Preview Mode Links will not work in preview mode

This Jungian Life


Sep 27, 2018

The experience of betrayal is painful, confusing, and damaging to one’s basic sense of self and reality. The betrayer is often seized by feelings that demand gratification and involve self-deceit, abandonment of responsibility and empathy for the other. Are there ever times when betrayal is necessary for growth, either as the betrayed or the betrayer? Can betrayal be used as a call to deepened feeling, increased consciousness and more creative self-expression?

The Dream:

I was in a house that belonged to my parents, but it wasn't a house my parents have ever actually lived in.
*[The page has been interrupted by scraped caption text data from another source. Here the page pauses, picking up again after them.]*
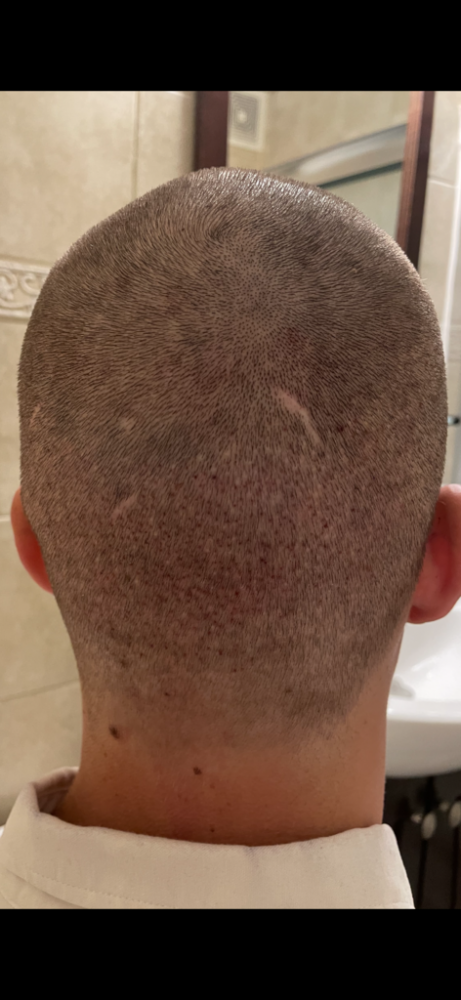 Dr Cooley Hair Transplant5.png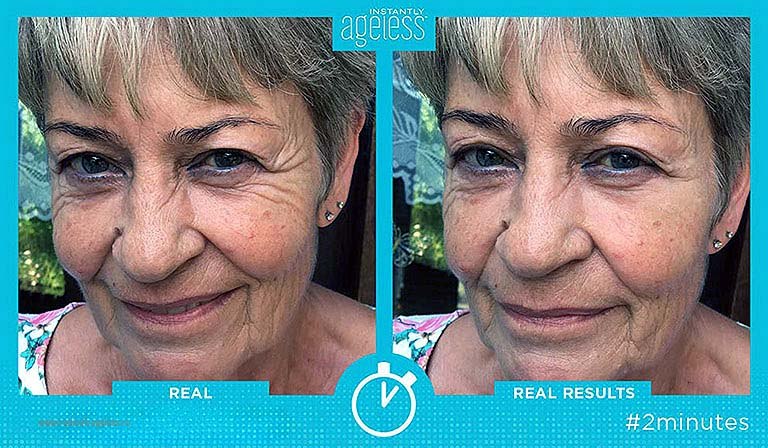 с Instantly ageless в 60 лет я обрел свое 40-летнее лицо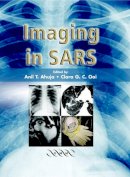 A.t. Ahuja - Imaging in SARS - 9781841102191 - V9781841102191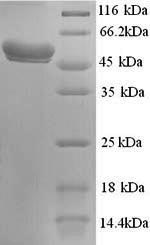 SDS-PAGE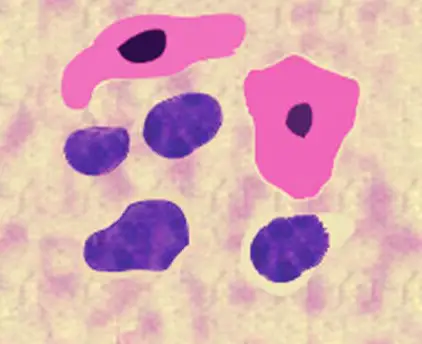 Sputum examination showing malignant cells of squamous type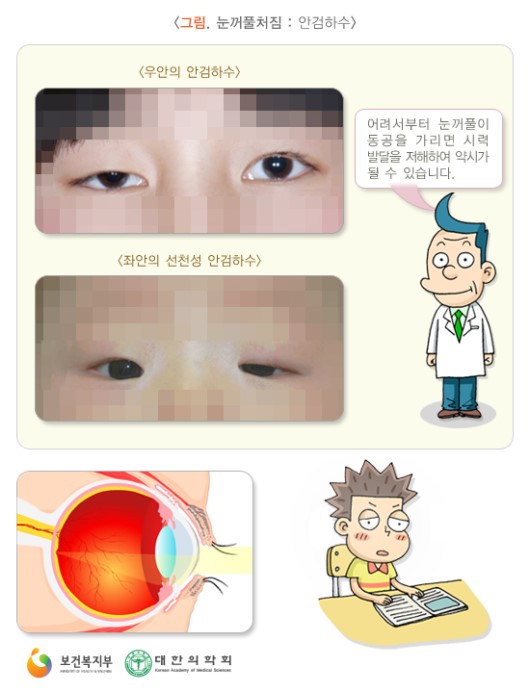  눈꺼풀처짐(안검하수) 수술로 가능하다는데?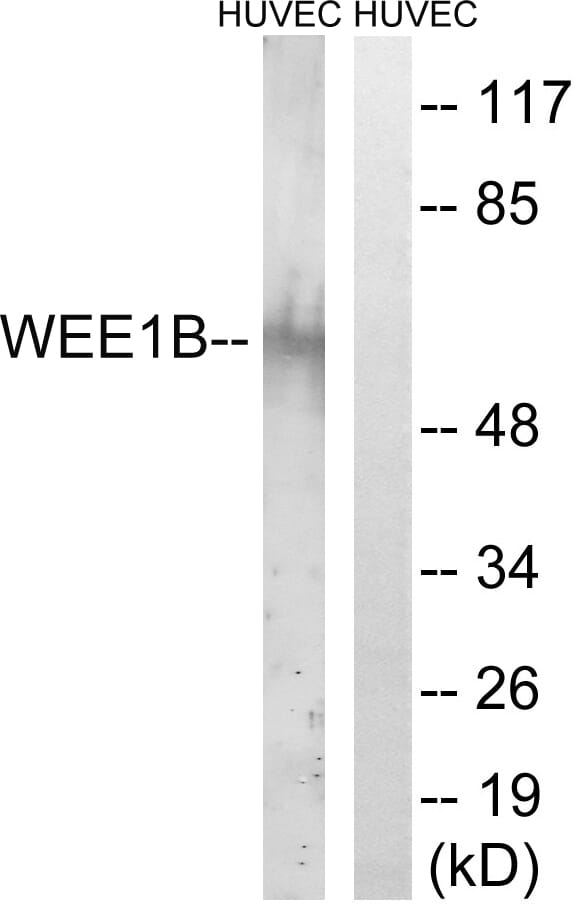Western blot analysis of lysates from HUVEC cells using Anti-WEE2 Antibody. The right hand lane represents a negative control, where the antibody is blocked by the immunising peptide.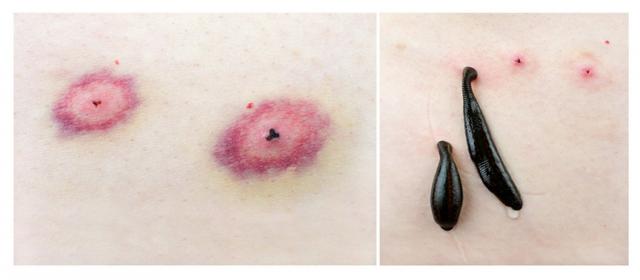 參加戶外徒步登山活動,被螞蟥吸血了怎么辦?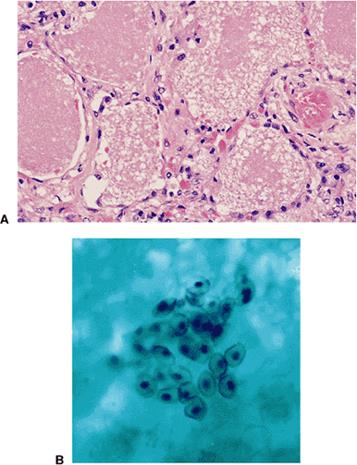 Pneumocystis jiroveci - student2.ru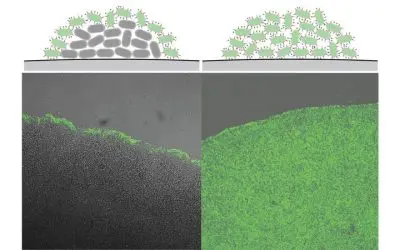 New insight into bacterial infections caused by Yersinia enterocolitica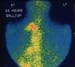 Non-Hodgkin Lymphoma (NHL)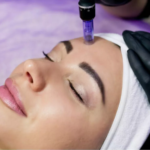 Tips for Making the Most of Microneedling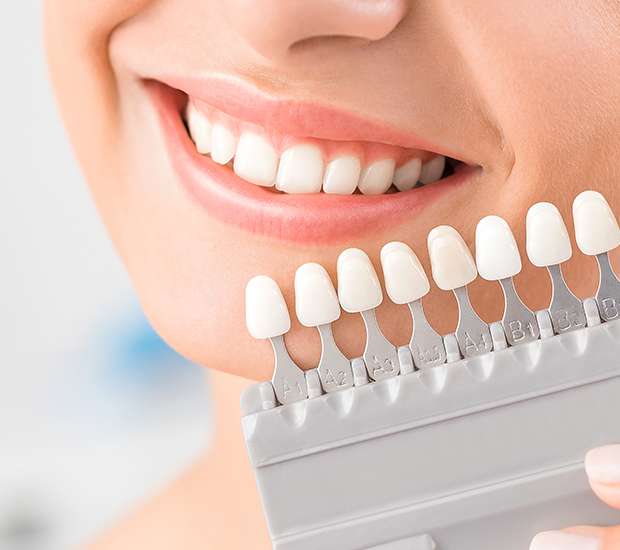 Philadelphia Veneers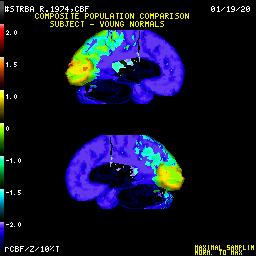 2. Regionálny prietok krvi mozgom - rcbf Následky po ťažkej traume posúdenie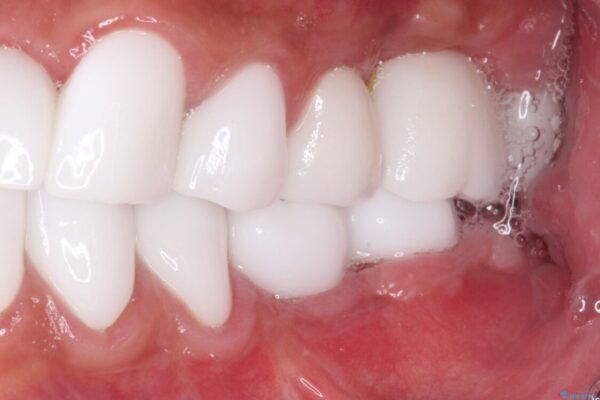 とにかく作り物のような真っ白な歯にしたい　フルジルコニアクラウンによる補綴治療 治療後画像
My boyfriend and I were fooling around in the bathtub. I was enjoying myself but he warned me that we were making a mess. I turned around and saw that we had somehow flooded the bathroom with several inches of water. I started to panic about how angry my parents were going to be.
There was a radio on the floor that was an actual radio that my dad owned when I was a child. I was afraid to step out of the tub and into the water because I thought I'd be electrocuted. I was able to lean out and unplug the radio, and music that I hadn't realized was playing stopped. I jumped out of the tub to grab a bucket to try to deal with the water, but by then most of it had drained away. I was trying to scoop up what was left and dump it down the drain. My boyfriend wasn't helping and I was getting mad at him. He seemed to think it wasn't any big deal because the water was almost gone. I told him that the water had obviously drained into other parts of the house, causing damage, and that my parents were still going to be angry.